Investigators used computer algorithms to predict primate species likely to be positive for Zika virus in Central and South America.
Machine learning may be an important tool in controlling and eradicating the Zika virus, according to a recent study that used machine learning to predict the virus among primates in Central and South America.
The study by investigators at the Cary Institute of Ecosystem Studies and IBM was published in the journal Epidemics. The machine learning model identified known flavivirus carriers with 82% accuracy and predicted the risk of Zika among primate species.
"We were surprised to find that very common primate species were predicted to have high risk of carrying mosquito-borne flaviviruses, including Zika virus," lead author Barbara A. Han, PhD, disease ecologist at the Cary Institute of Ecosystem Studies, told Contagion®. "In Central and South America, the possibility of spill-back infection (from humans to wild primates) is alarming. If Zika virus establishes a sylvatic cycle it could be exceedingly difficult to control."

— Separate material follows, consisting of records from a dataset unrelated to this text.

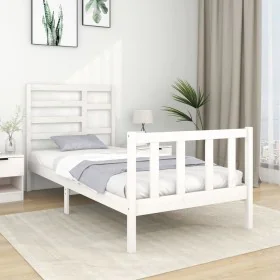 Weißer Einzelbettrahmen aus Massivholz, 90 x 190 cm von vidaXL, Betten und Lattenroste - Ref: Foro24-3105891, Preis: 103,64 €...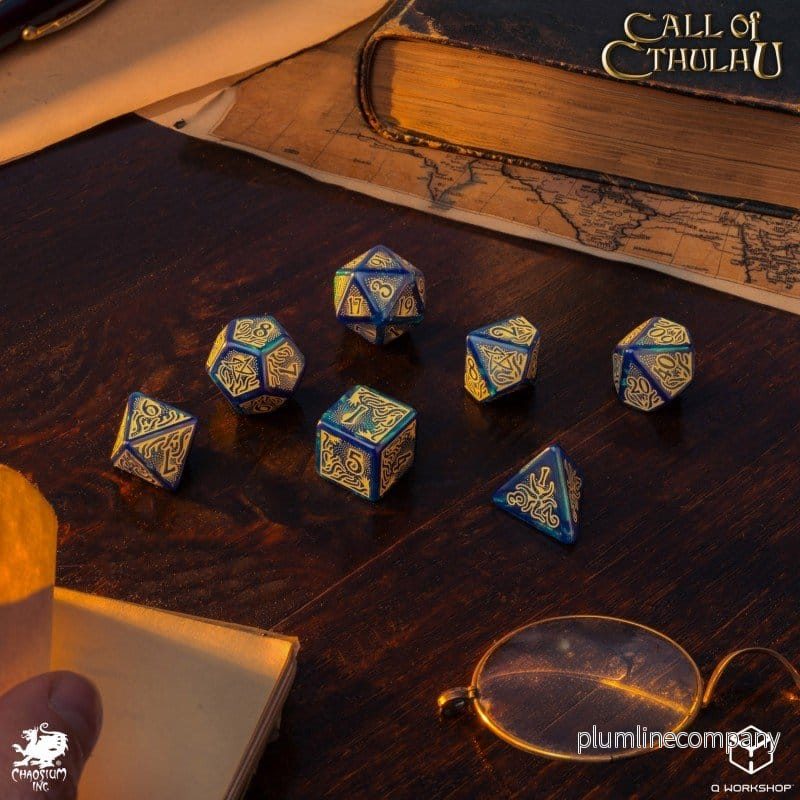 Call of Cthulhu 7:e Utgåvan Tärningsset med 7 Blå-gröna och Guld - Bild 3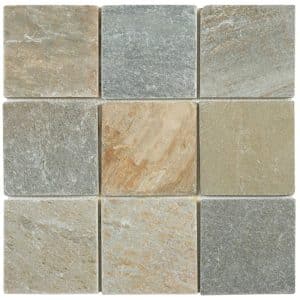 Mosaïque de Quartzite Beige / Gris 9.8 X 9.8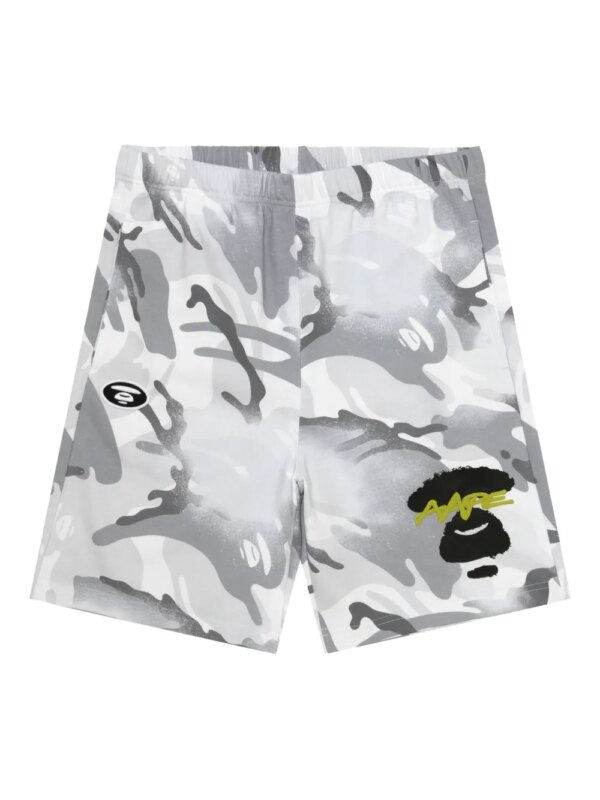 AAPE BY *A BATHING APE® short de sport à imprimé camouflage - Gris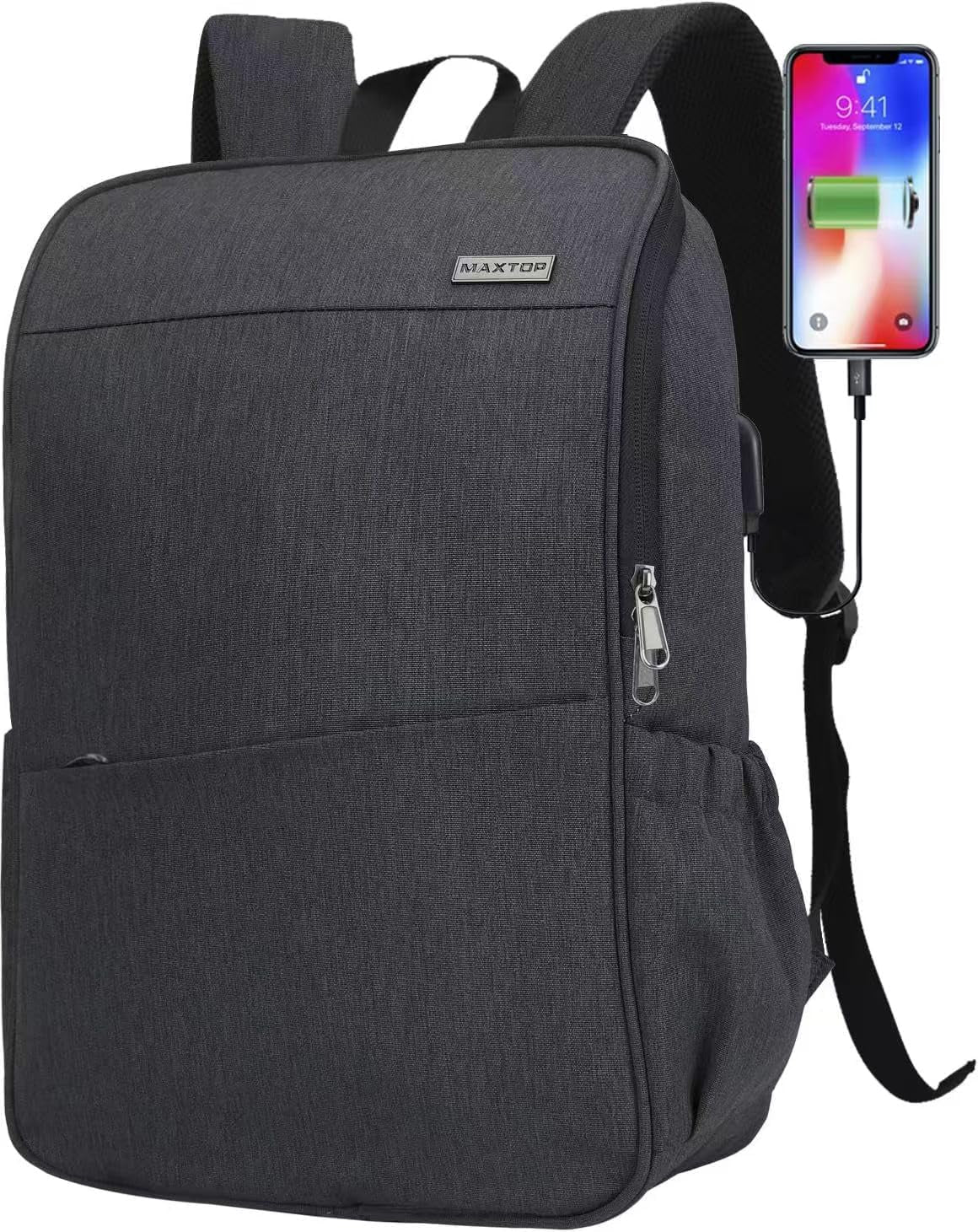 Deep Storage Laptop Backpack with USB Charging Port[Water Resistant] College Computer Bookbag Fits 15 Inch Laptop Black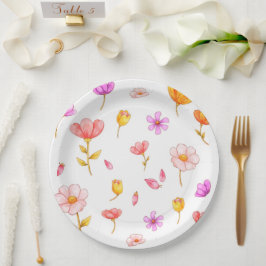 Mooie roze bloem papieren borden bordje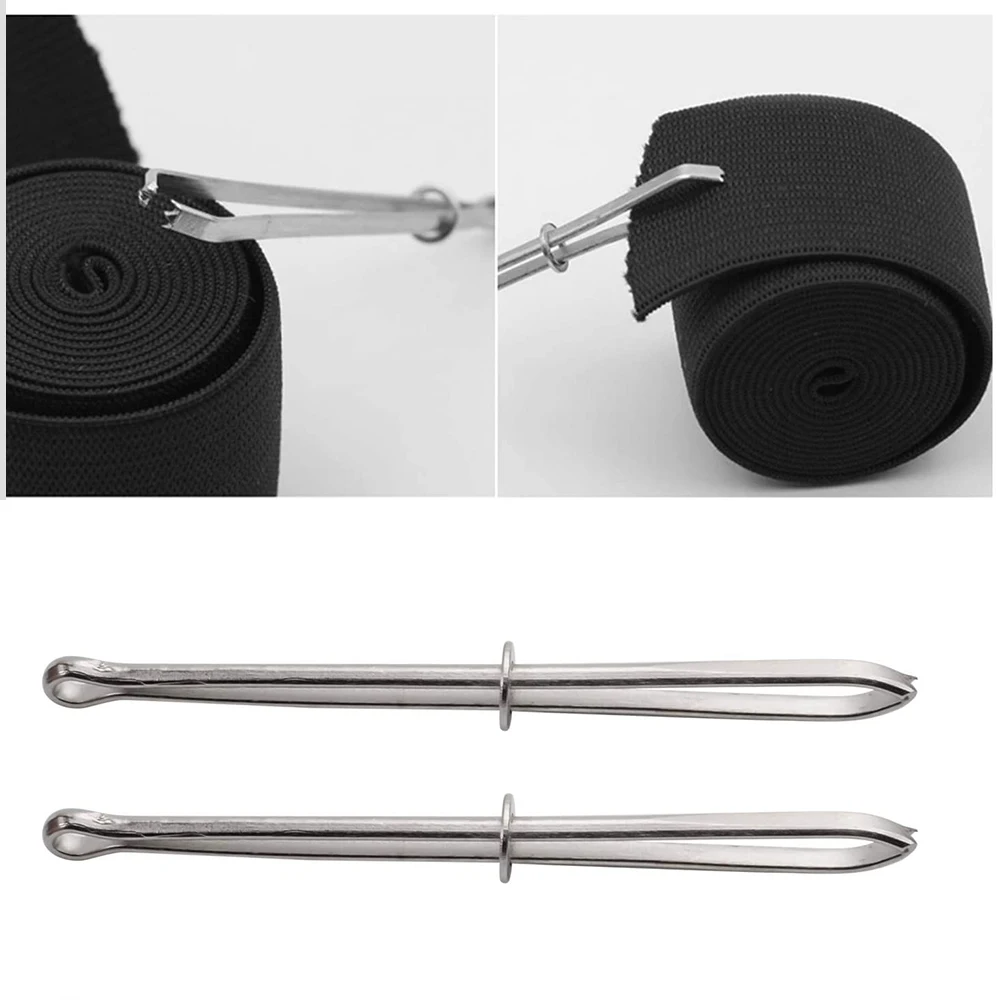 2pcs High Quality Garment Clips Sewing DIY Tools Elastic Band Tape Punch Cross Stitch Threader Wear Elastic Clamp (Wear Rope) thumbnail 4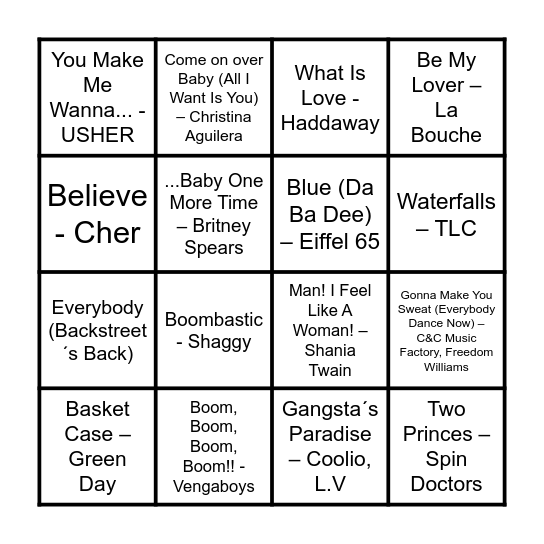 Back to the 90´s - Lena & Hannah 30 år! Bingo Card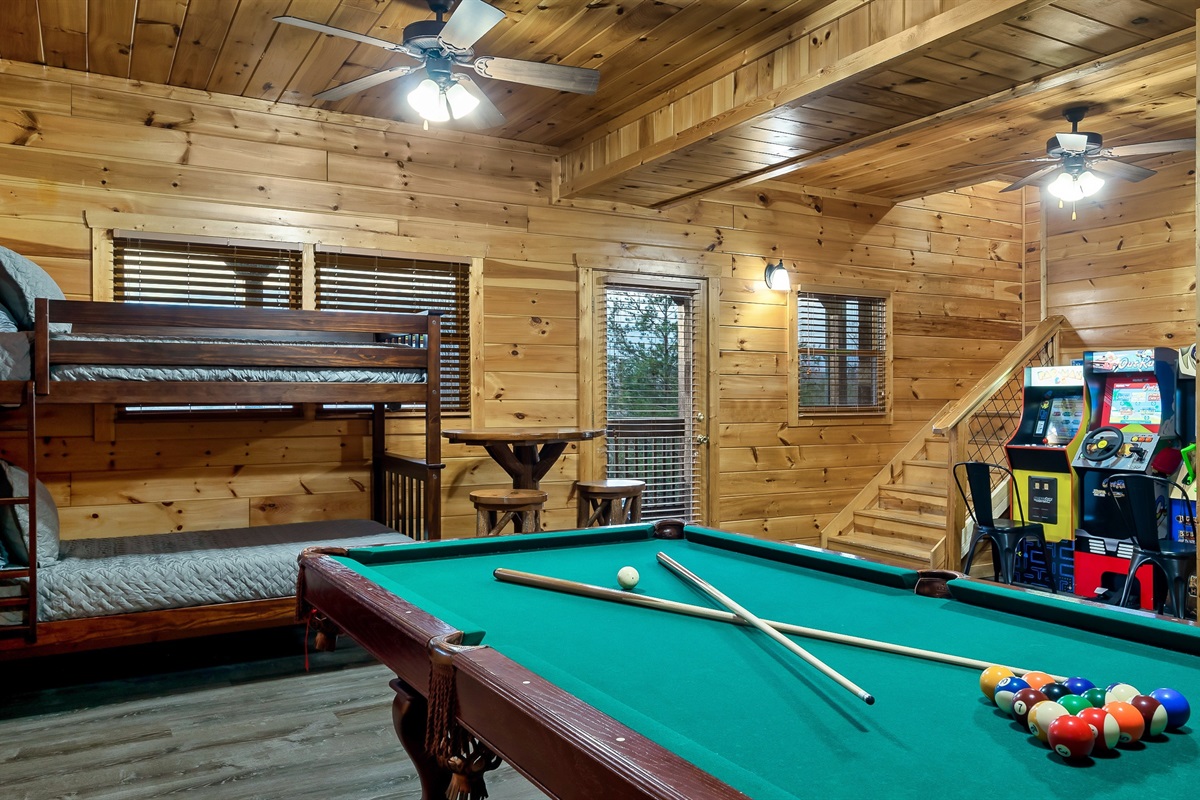 Game Room + bunk room = kid's delight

Those species with more than 90% risk scores for the virus included species common in developed areas: tufted capuchin, the Venezuelan red howler, and the white-faced capuchin.
"Two of the species we found to be high-risk for carrying ZIKV was white-fronted capuchin (Cebus albifrons), which is commonly kept as pets and captured for live trade in southern America, and spider monkey (Saimiri boliviensis) which is hunted for bushmeat," study coauthor Subho Majumdar, PhD, senior inventive scientist in the data science and AI group of AT&T Labs Research, told Contagion®. "The insight from such findings for clinicians/health care providers is that there can be many unconventional sources for infectious diseases that may increase their outbreak potential, and data-driven insights can often help narrow down suspect sources of information in such situations."
Investigators used multiple imputation and Bayesian multi-label machine learning to fill in data gaps and assign risk scores for potential Zika positivity. Along with Zika, they assessed the traits of yellow fever, dengue fever, Japanese encephalitis, St. Louis encephalitis, and West Nile virus along with the biological and ecological traits of 18 primate species that have tested positive for any of these mosquito-borne diseases.
"The extent of missing data was a surprise," Majumdar said. "Our feature set consisted of bodily and behavioral features of all primates, obtained from a publicly available database (Pantheria). In spite of being fairly well-studied, it was surprising to see that many well-known primate species had so many features missing."
Machine learning was used to fill in missing data about such traits as metabolic rate, gestation period, litter size, and behavior based on connections between organisms.
"The next steps are to validate model predictions with targeted field surveillance of particular species, and bench research to characterize how infectivity and competence of Zika virus may vary across these species," Han told Contagion®. "The wildlife link will be increasingly important for informing human epidemiology and infection prevention. Zika virus is the most recent of many future examples. Therapeutics (vaccines) tend to focus on protecting humans, but in addition to this perhaps it's time to consider animal therapeutics and their role in preventing future spillover from established sylvatic reservoirs."
The outbreak of Zika, which began in 2015 and spread to more than 30 countries, has diminished, but risk remains, particularly among laboratory and biomedical researcher workers.